Bodega Norton has five vineyards today, spread over the main terror of Mendoza in foothills of the Andean Mountains. All of them are located within a privileged zone known as the First Zone for the quality of its grapes. However, it’s not just the geographical influences that benefit the wines, but the age of the vines too. Their average age is around 30 years, but they do also have a large number of hectares under 80 years old vines. Agrelo, for example, consists of 30 hectares planted 930 metres above sea level. Here some are some of the oldest vines – Producing concentrated grapes which, when carefully cultivated, produce the high-end Lote wines.
This is the original Norton Property, where their winery is located. With a hundred years of continuous cultivation, it consists of 1200 hectares, almost entirely planted 950 metres above sea level, with vines aged between 30 and 50 years old. The terror offers a combination of poor soils and cold air coming from the mountain, which produces aromatic and concentrated white and red grapes, perfect for making powerful and elegant high-end wines. It excels at Cabernet Sauvignon, Merlot and Malbec varieties.

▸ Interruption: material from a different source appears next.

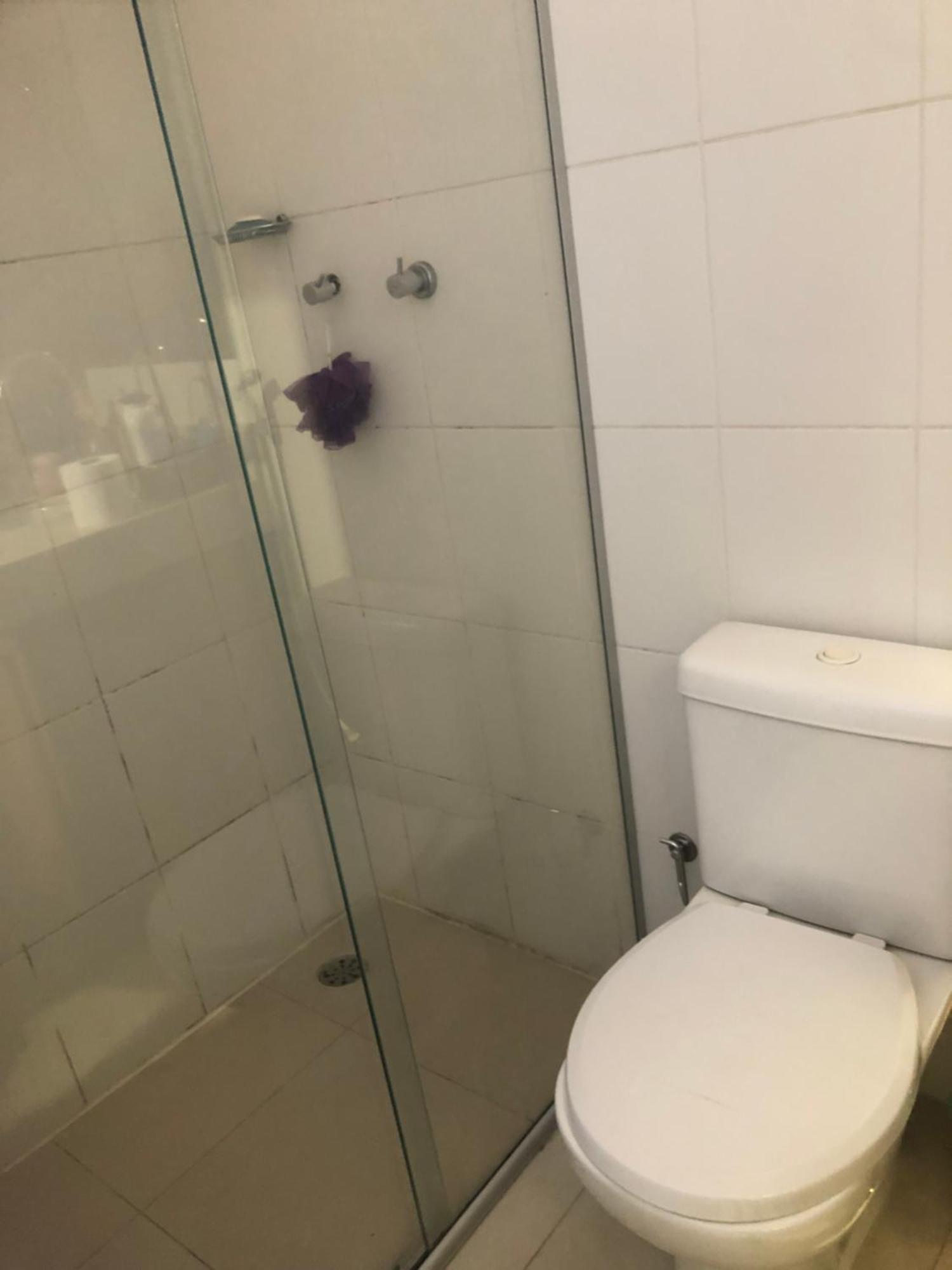 Hostel Martina, Suite 100M Spexpo 圣保罗 外观 照片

The winemaking process begins with high-quality grapes because as they have always said: “Great wines are born in the vineyard”. Once harvested with the utmost care the grapes arrive for hand sorting at the winery to remove any damaged grapes and leaves. Grapes are then pressed and the resulting juice is fermented, for reds the grapes are fermented at between 28 and 30 degrees C for 10 days. While the whites are fermented at a cooler 15 to 20 degrees C for around 15 days, these whites then undergo a second malolactic fermentation, giving them the creamier mouth-feel. The reds can be aged in oak after fermentation adding to the complexity of flavour.